If you want to start talking about "absolute truth" you need to have some kind of grasp of what you mean by the term.
If I adjoin to Q a new primitive predicate A(n) and provide no new axioms, then lots of statements pertaining to A are then independent of Q. Is A(0) true? Can't tell. Is A(1) true? Can't tell. As long as I don't supply you with an interpretation (so that A has a specific meaning) these sentences don't constitute specific statements any more than "x=3" does before we say what x represents. This is a kind of relativity that always exists. It comes from just not specifying what "A" refers to.
If we consider sentences in the language of Q, lots of people will say that each one is either true or false in an absolute way, even if we have no way of determining which it is. There's no use in trying to attack this point of view by means of twiddling around with elements of mathematical logic. You need to make some kind of philosophical argument about what is required for a statement to be absolutely true or absolutely false. (And if you do, plenty of people won't be persuaded. That's just how philosophy works.)
|Note that I emphasized on "_syntactically_" to signal that the question and |the answer be discussed syntactically, not model-theoretically.
There's no distinctive "model theoretical" consistency distinct from syntactic consistency.
[...] |In my recent replies to KR, the key question I have is: | | >> Syntactically speaking, would it be possible that a formula F be | >> undecidable in all consistent extensions of the Robinson Arithmetic Q | >> formal system?
As Aatu explained, it's not.
If F were independent of all consistent extensions of Q, then since Q is consistent, then F would be independent of Q. Hence there would be no proof of ~F in Q, and Q+F would be consistent. By the original assumption again, F would be independent of Q+F. But F is provable in Q+F, a contradiction. The original assumption, then, that F is independent of all consistent extensions of Q is impossible.
This proof does not rely on the law of excluded middle. It goes straight from the assumption that F is independent of all consistent extensions of Q to a contradiction without dividing by cases. There is no "either-or" needed.
|---> The Objective | |The objective I have in this question is to establish a meta mathematical |statement (about FOL) that would have no absolute truth though in its form |it'd appear as if there would be an absolute truth value.
It's futile to try unless and until you get some basis for claiming that a statement has no absolute truth value.

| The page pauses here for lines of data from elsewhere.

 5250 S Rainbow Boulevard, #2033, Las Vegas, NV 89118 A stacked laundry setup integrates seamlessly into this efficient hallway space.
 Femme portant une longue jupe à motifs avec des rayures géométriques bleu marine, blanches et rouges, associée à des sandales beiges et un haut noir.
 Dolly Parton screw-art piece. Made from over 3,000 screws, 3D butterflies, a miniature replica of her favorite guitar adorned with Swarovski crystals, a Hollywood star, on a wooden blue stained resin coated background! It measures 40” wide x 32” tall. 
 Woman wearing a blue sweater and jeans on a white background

I don't think your strategy of resorting to meta- levels is promising at all. To show that you need to go to a "meta" level you need already to show that there's some issue with the original language that calls for it.

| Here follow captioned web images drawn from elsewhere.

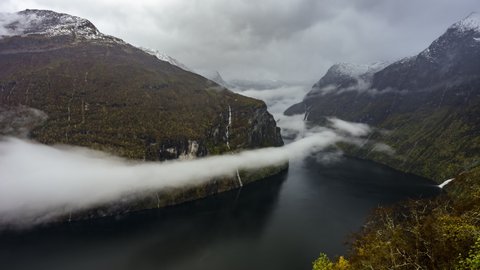 Clouds Moving Over Geirangerfjord Between Mountains With Waterfalls From Ornesvingen Viewpoint In Norway. - hyperlapse, zoom in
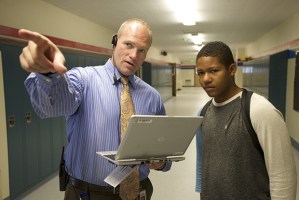 Kent-Meridian High School Principal Wade Barringer gives directions to a student while on his daily campus rounds. His 2013-2014 superintendent internship drew him away from school often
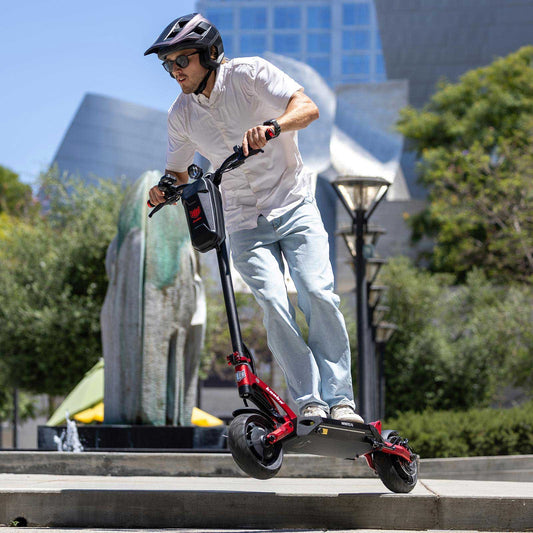 Person riding a red electric scooter in an urban setting with trees and buildings in the background.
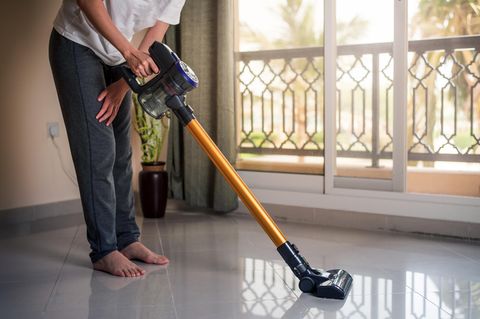 Dyson V10 Absolute: Ein Mann saugt mit seinem Akku-Sauger den Boden.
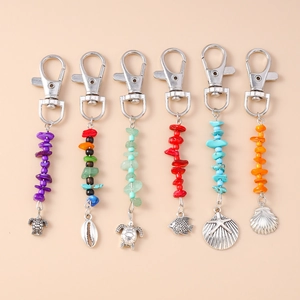 Set of six colorful stone bead keychains with silver ocean animal charms on pink background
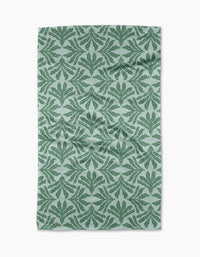The Ethereal Seaweeds tea towel by Jasmine Blooms Designs features a green leafy pattern on light gray recycled fabric with symmetrical stylized leaf motifs. The slightly wrinkled towel is displayed against a white background.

There are cases where we would say that a sentence in a language doesn't have a fixed meaning. We determine that not by considering it syntactically, but by considering what it means in the given context. If you would prefer not to get off into some philosophical argument, then as there's no non-philosophical way of addressing issues of meaning or ultimate truth, you just have to set the whole question aside.